J – This video is from our January Grades 6-12 Combined Chorus Concert. About 3/4 of the way through our concert I had the Middle School and Upper School Choirs walk right into the audience and taught them all Freedom is Coming (a traditional African piece). Neither the audience nor the students new about this… it was pure spontaneous goodness!
Freedom is Coming
Why did I do it? I decided to teach and perform this piece with the audience for a number of reasons. The first being that we spent the first 4 months of school learning what the process should look like. We focused on developing literacy skills, learning good vocal technique, developing musicianship and just learning the ins and outs, learning to be active in the music making process. Holding the students and myself accountable for this during every rehearsal, all the while having only 90 minutes to rehearse a week (and thats if they didn’t have an impromptu meeting or commitment), meant that we were not going to have a lengthy concert. I wasn’t just teaching music, I was trying to change the way they thought about music and their commitment to it. To many, only performing 3 pieces in the Upper School Ensemble and 2 with the Middle School may seem as if we didn’t work very hard. And yes, if your audience is thinking that it’s all about the pieces and the performance, then they may think that.
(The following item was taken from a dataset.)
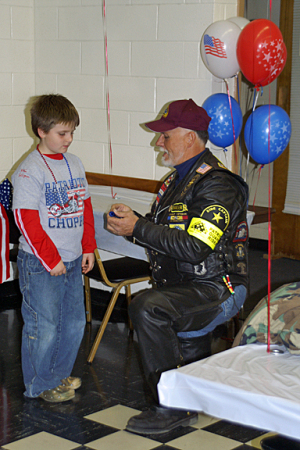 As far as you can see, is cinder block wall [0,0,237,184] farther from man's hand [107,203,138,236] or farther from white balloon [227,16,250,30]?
man's hand [107,203,138,236]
I thought it might be nice for them to experience part of the process (just a snapshot!)… learning an individual part, singing in harmony, and performing together with energy, even if by rote.
The second was… I knew I needed to invite parents, colleagues and administration into our new music community. Things were changing.. and I wanted them to be apart of this change. This only helped to reinforce what I was working towards and where I want us to go together as a school and music community. I think this not only brought the audience into our world, but the students enjoyed collaborating with them in this effort.
Feedback – The Feedback from parents, colleagues and administration was great. They all were very happy to be invited into this process.
A few parents said that it was a fun to sing with the kids and learn each part… and sing! So many do not have an opportunity to just sing together. If giving them this opportunity isn’t advocacy at its best, then I don’t know what is.
How I felt – For me, this was a big risk… this was the first time some of these people were going to meet me, not to mention the pressure of doing this in front of all of my singers, their parents, friends, colleagues and administrators. What if I messed up or froze? What if they didn’t get what I was saying? What if they DIDN’T SING??! But, I figured we as a community could only grow from it.
Planning it was pretty interesting… I went over every possible way I could present it and thought I had come up with something great. But, when I started all of that went out the window and I just did what felt right.
Reflecting back, I am very happy that I did it.
I only wish that I had a video camera facing the audience.
Great idea to get parents, faculty and guests involved in the performance. Thank you for sharing!
When I taught middle school, we did a concert with audience participation by having the students pass out pages of newspaper to members of the audience who were supposed to follow the students (who went back to stand on the apron of the stage) during the song. We then did a percussion piece with “found sounds” (items brought from home such as buckets, tools, brooms, pans, etc) and the students wadding the newspaper sounded like rain all across the audience. A large piece of sheet metal (with the edges turned to avoid cuts – parent provided this!) as the thunder. This was before I saw the video of Perpetuum Jazzile doing the Afrika with body percussion. I would do the same idea – having students lead a section of the audience who had to follow them making the sound of the rain.